Before we left, I had been trying to get my own rental car. For one thing, I had some research I wanted to do, and for another, I had the distinct feeling that being trapped in a rental house on the North Shore with no way to leave except the stroller might cause me to become even more irritable, nigh desperate, than the prospect of being surrounded by so many people making so much noise and watching so much TV for so long with an escape hatch. But for some reason, the other members of the party were dead against it. “We’ve rented a seven-passenger vehicle,” they said. “We’ll drive you places,” they said. “We have a car you can borrow, one that belongs to the cousin who can’t be here,” they said. “Why do we have to rent a car seat? Bring your car seats!” they said. I tried to explain that checking car seats is dangerous and that being a single parent hauling two kids and bags through the airport is challenging enough without the added complication of hauling two car seats, but the flurry of emails continued. I was tired before I even left.

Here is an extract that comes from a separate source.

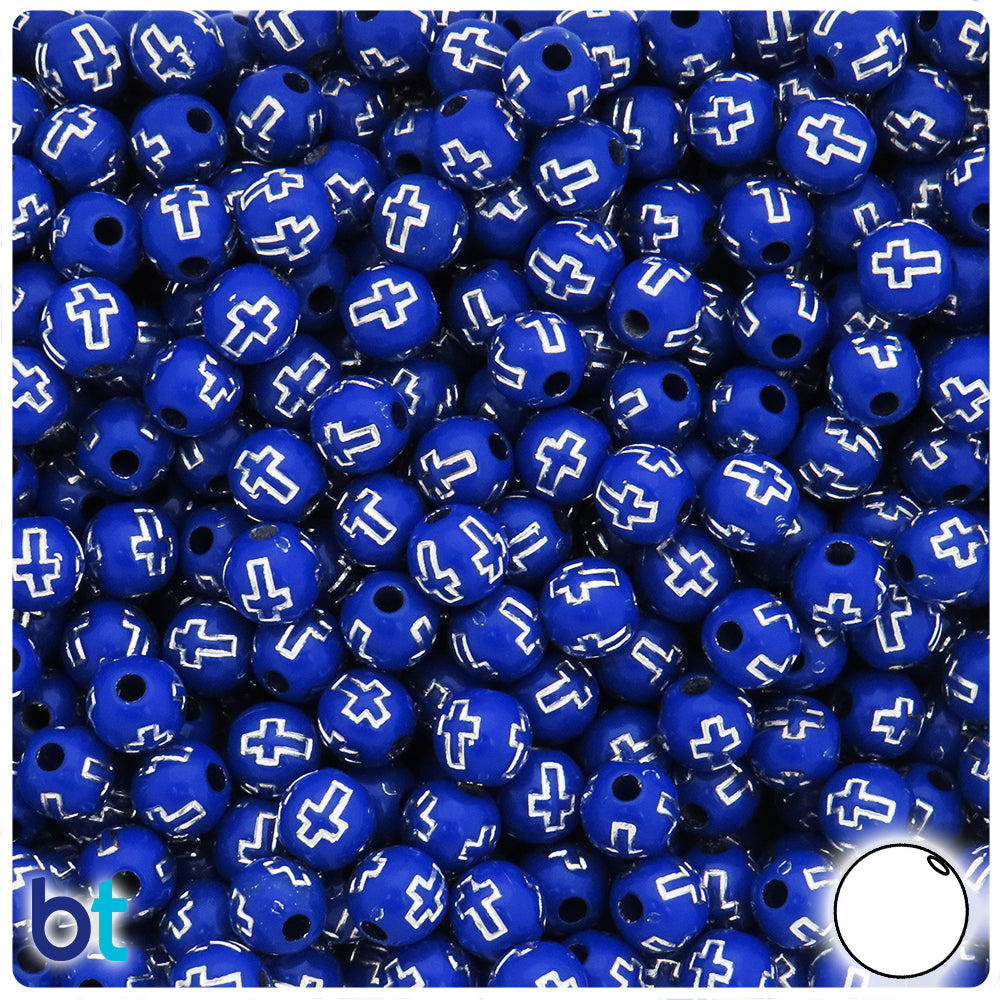 Dark Blue Opaque 8mm Round Plastic Beads - Silver Accent Crosses (150pcs)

When we arrived in Hawaii, my parents-in-law picked us up in the promised seven-seater — which had no cargo room and required us to cram our luggage onto our laps and the stroller into the seventh seat. They got lost a few times on the way to the house — “I don’t know why,” said my mother-in-law, “We followed the directions exactly,” — and by the time we got here, I had been massively dyspeptic and on the verge of losing my airplane pretzels for a good half-hour. So the car situation seemed dire. Car-related communications all seemed to revolve around the Hawaiian resident family members using the promised loaner a lot, and any use on my part involving specific negotiation. Then my grandmother-in-law, in a fit of bureaucratic micromanaging, tried to broker car borrowing for me (why are we trying so hard not to rent another car? Do we hate the car rental industry more than the Imported Mai Tai Industry? At least, to my knowledge, there are no auto plants on Oahu, but there are plenty of pineapples and blenders. Trading in the cramped 7-seater for two compacts would only be $100 more, and I’d gladly pay it personally to avoid having to put someone out every time I want to go somewhere), which resulted in awkwardness, and Resident Cousin kindly offered to negotiate directly, and things were more or less OK. But I still sense that I’m just going to have to suck it up and not go anywhere for the most part, because the Car of Absent Cousin is really used by Resident Cousin and her mother, and the only other car they have is a truck, and etc.

So after the Epic Battle of Social Awkwardness, Incomprehension, and Different Assumptions, with a dash of Controlingness and Attempting to Arrange Other People’s Lives for Them, Especially Through Charts Which Are Bound and Available for Filling Out On the Kitchen Table, I was in possession of a Rav-4 with a sticky shifter…

…which was essential, as my cousin from Kauai had flown over and gotten a hotel room so that we could spend the day together.

After I stopped fearing I was going to kill my children by not being able to find second gear, the day was great. We picked up my cousin at her hotel in Waikiki, an area which, despite my lingering fascination with it from a childhood of watching Magnum, P.I., we did not explore; instead we took a road around the coast to the east, stopped at a beach park with the most stunningly turquoise water I’ve ever seen, made cakes in the sand, had shave ice at a local plate lunch place where the Spam was flying fast and furious and there were bible verses painted on the walls, and took the Pali, a highway of beautiful Western vistas that climbs precipitously into the Koolau range, back to Honolulu.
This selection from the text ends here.